En réalité, on ouvre une brèche : la dérégulation finira par s'étendre à tout le champ de la consommation immédiate de produits alimentaires, fragilisant leurs salariés précaires. C'est la stratégie du pied dans la porte : demain, d'autres - les salons de coiffure, par exemple - demanderont à ouvrir au prétexte que les familles, en congé le 1er mai, ont le temps de consommer !

M. Olivier Henno, rapporteur.  - Nous avons échangé nos arguments. Cet amendement dénature le texte. Avis défavorable.

Mme Charlotte Parmentier-Lecocq, ministre déléguée.  - Même avis.

À la demande des groupes UC et Les Républicains, l'amendement n°10 est mis aux voix par scrutin public.

Mme la présidente.  - Voici le résultat du scrutin n°339 :

Nombre de votants 341
Nombre de suffrages exprimés 324
Pour l'adoption   98
Contre 226

L'amendement n°10 n'est pas adopté.

Mme la présidente.  - Amendement n°11 de Mme Poncet Monge et alii.

Mme Raymonde Poncet Monge.  - Nous supprimons l'alinéa autorisant l'ouverture des établissements dont l'activité exclusive est la vente de produits alimentaires au détail.

Il ne s'agit pas d'une simple régularisation des boulangers qui ont été condamnés...

Mme Annick Billon.  - Puis relaxés !

Mme Raymonde Poncet Monge.  - Oui, après avoir prouvé qu'ils ne pouvaient pas fermer, conformément à la loi !

Ici, vous élargissez le dispositif à tous ces commerces, de l'artisan à la grande chaîne, pour qu'ils puissent ouvrir de plein droit ; pour eux, le 1er mai n'existera plus. C'est la stratégie du pied dans la porte.

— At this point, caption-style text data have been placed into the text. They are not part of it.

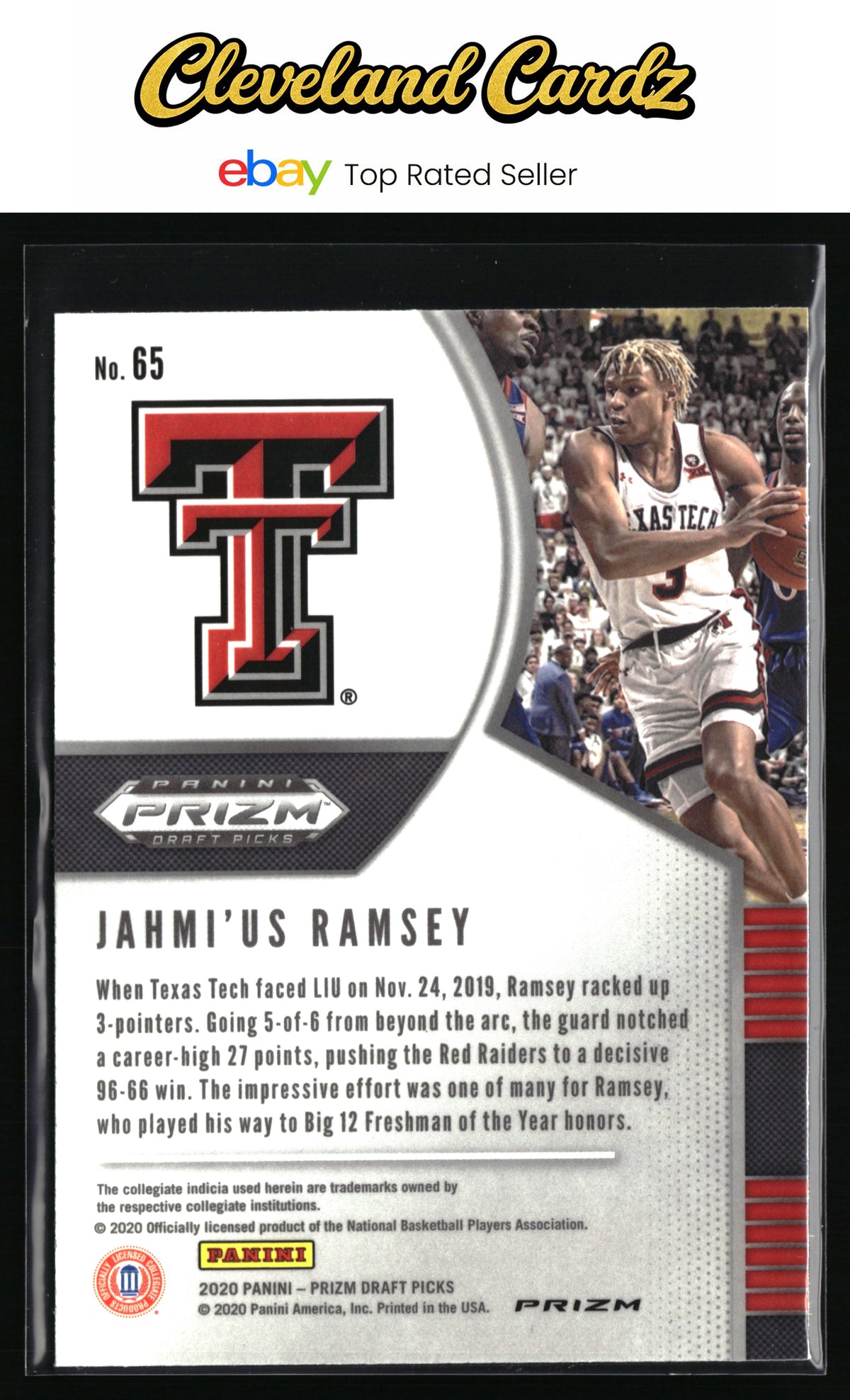2020 Panini Prizm Draft Picks Collegiate #65 Jahmi'us Ramsey Pink Ice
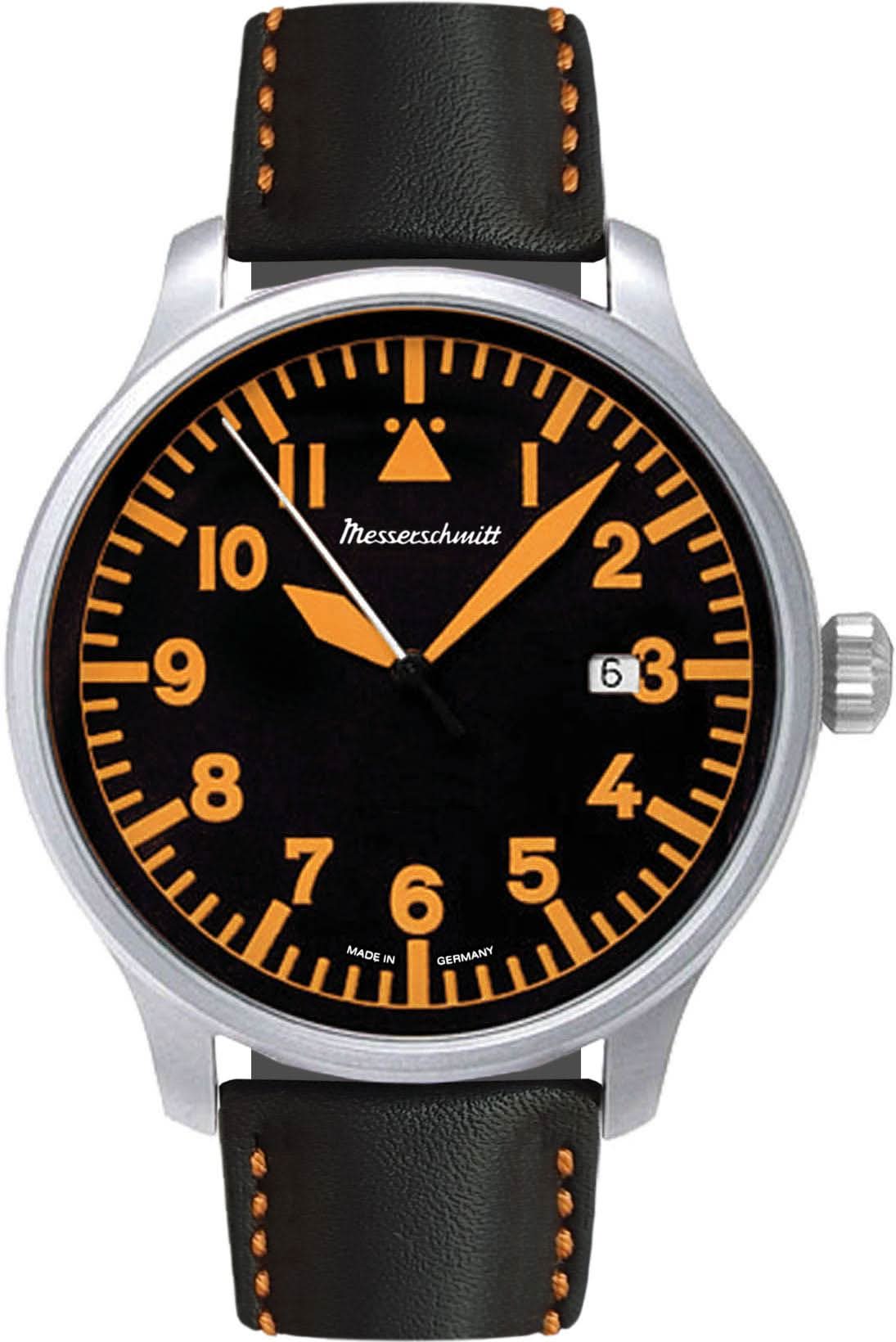 Messerschmitt herrklocka med svart urtavla, orange siffror och läderarmband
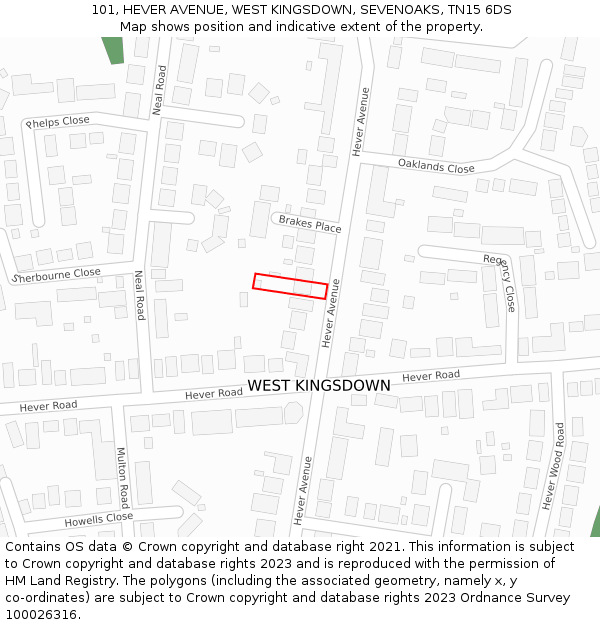 101, HEVER AVENUE, WEST KINGSDOWN, SEVENOAKS, TN15 6DS: Location map and indicative extent of plot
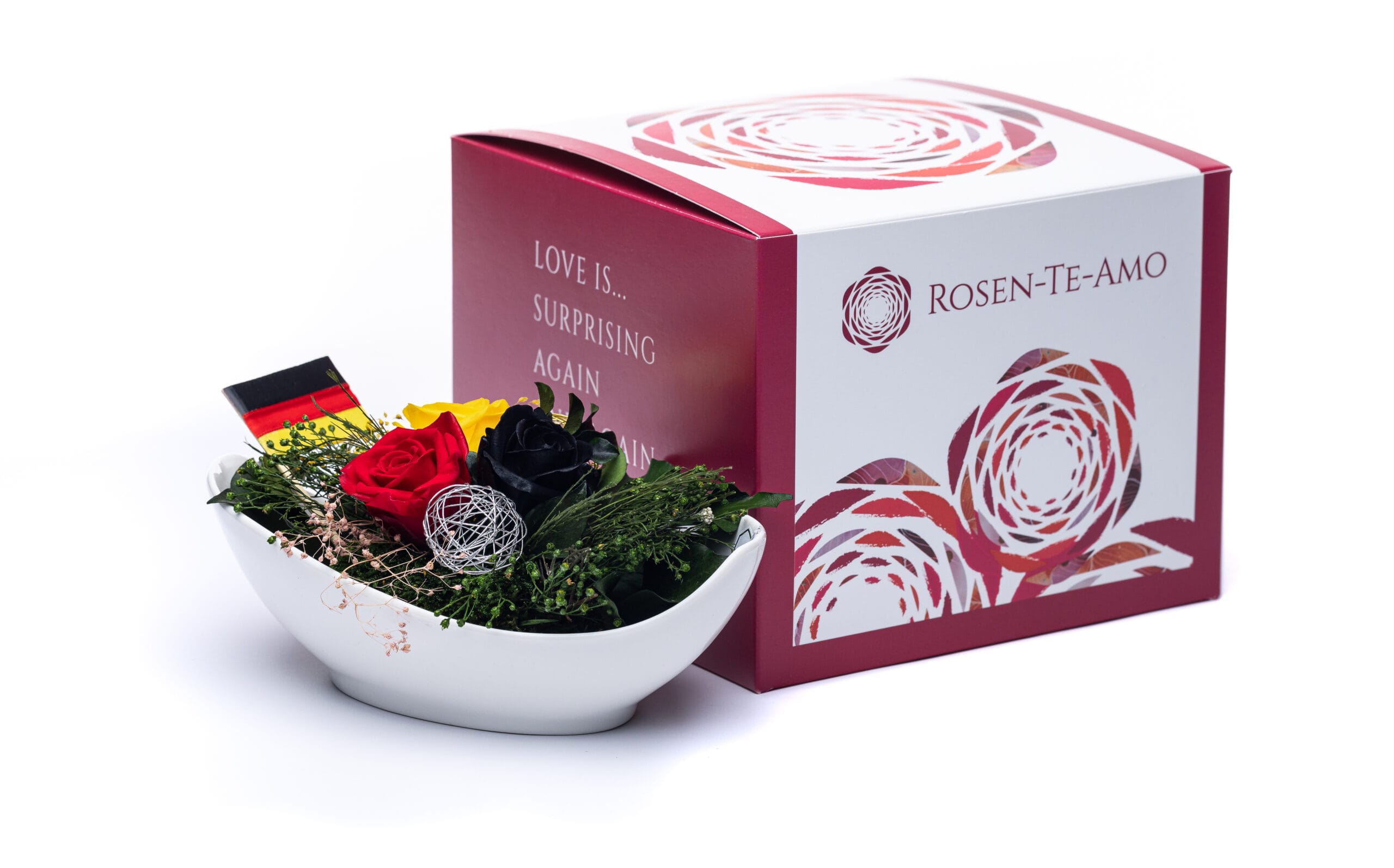 Konservierte Rosenstrauß Bunte Rosen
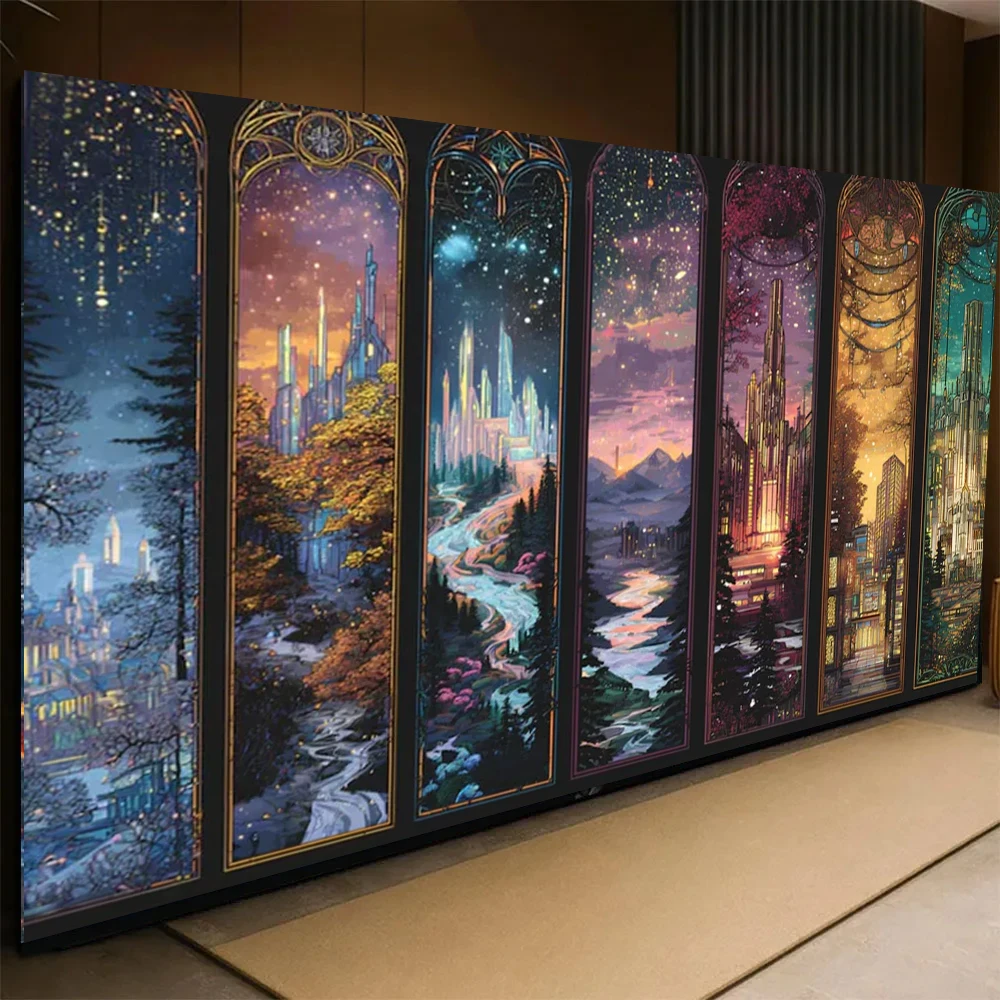 Large Size Night Court, City of Starlight, Diamond Embroidery Kit, Full Square Round Diamond Painting Art, DIY Home Decor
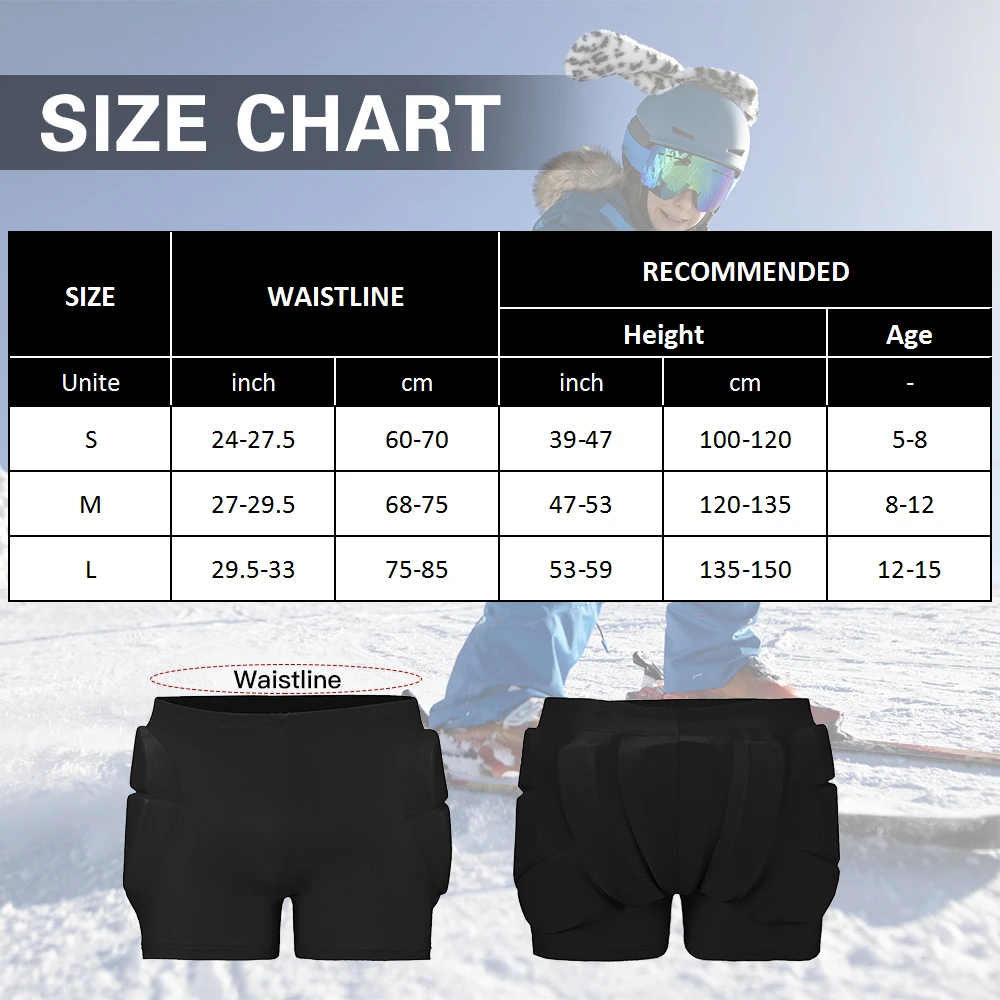 Ski Snowboard Accessories Ski Protective Gear Kids Pads For Roller Skating Accessories 3d Protection For Butt And Tailbone Kids Hips Protective Pads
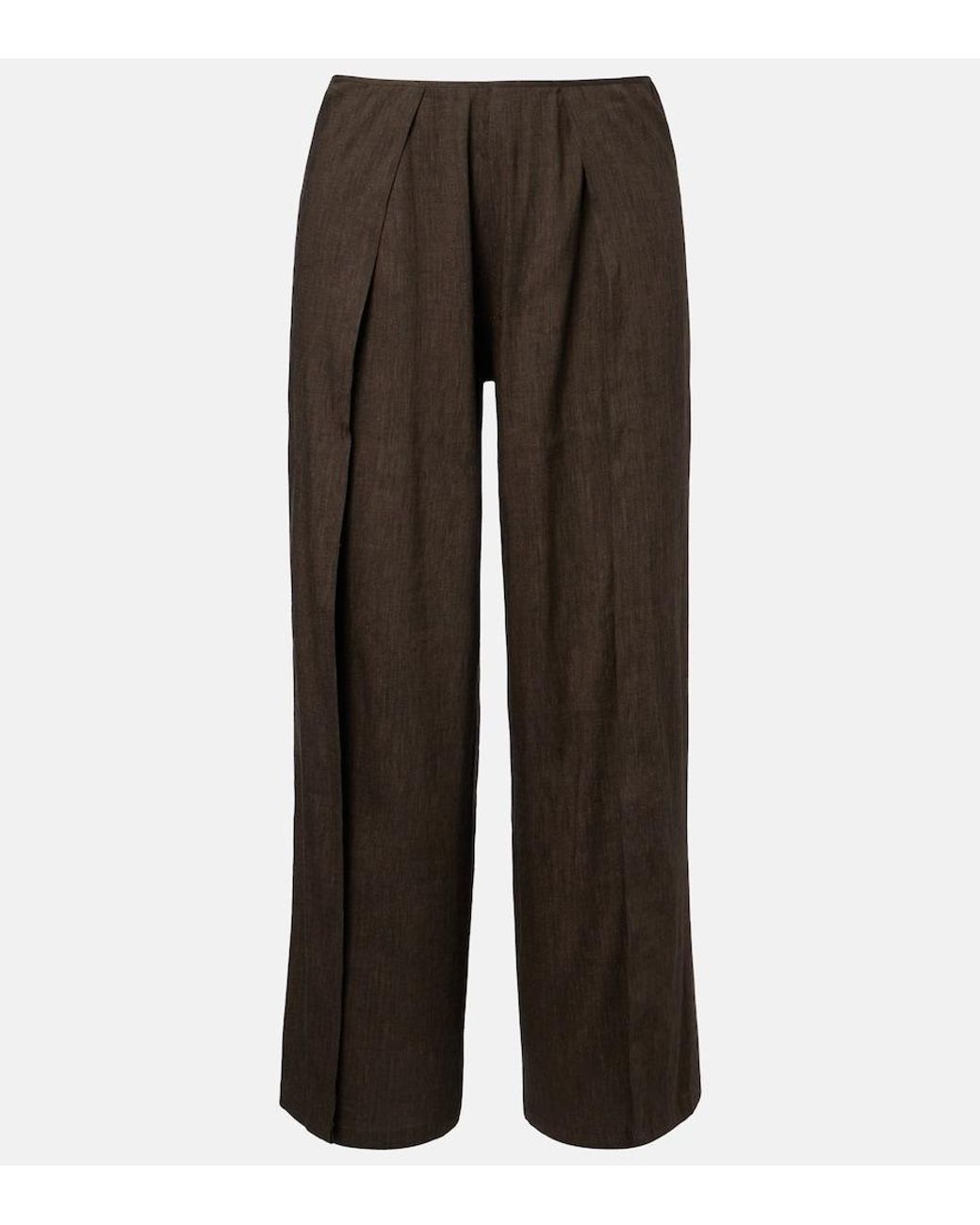 Proenza Schouler Brown Calla Linen-Blend Wide-Leg Pants
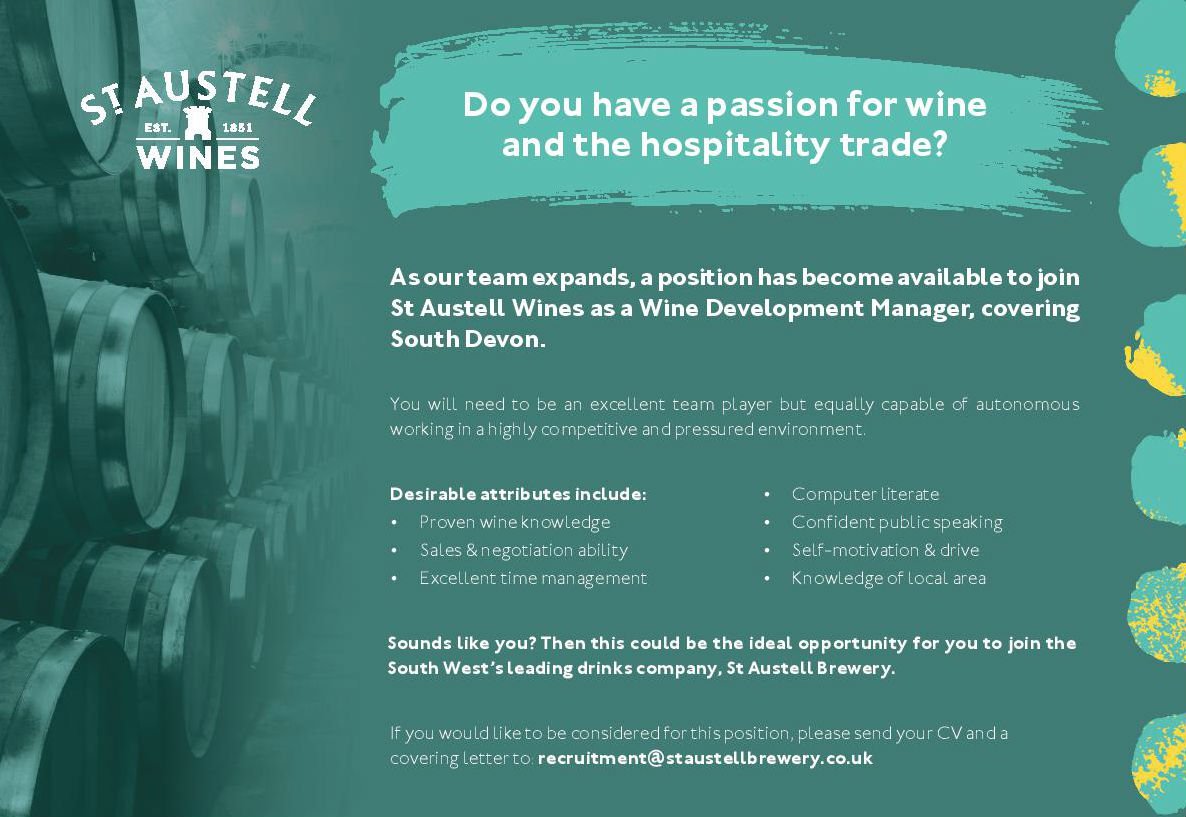Do you have a passion for #wine? We’re looking for an experienced wine development manager to join our team as part of the South West’s leading drinks supplier.

Interested? Send your CV and covering letter to recruitment@staustellbrewery.co.uk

M. Olivier Henno, rapporteur.  - Avis défavorable.

Mme Charlotte Parmentier-Lecocq, ministre déléguée.  - Même avis.

Mme Monique Lubin.  - Vous dites vouloir régulariser la situation des boulangers et fleuristes ; pourquoi ajouter autant d'autres secteurs ? Dites-nous combien de salariés seront concernés.

Mme Raymonde Poncet Monge.  - Je précise que derrière les établissements visés par l'alinéa se cachent les épiceries. Or il n'y a jamais eu de tolérance pour ce secteur, que vous souhaitez mettre de plein droit à l'écart de la philosophie du 1er mai.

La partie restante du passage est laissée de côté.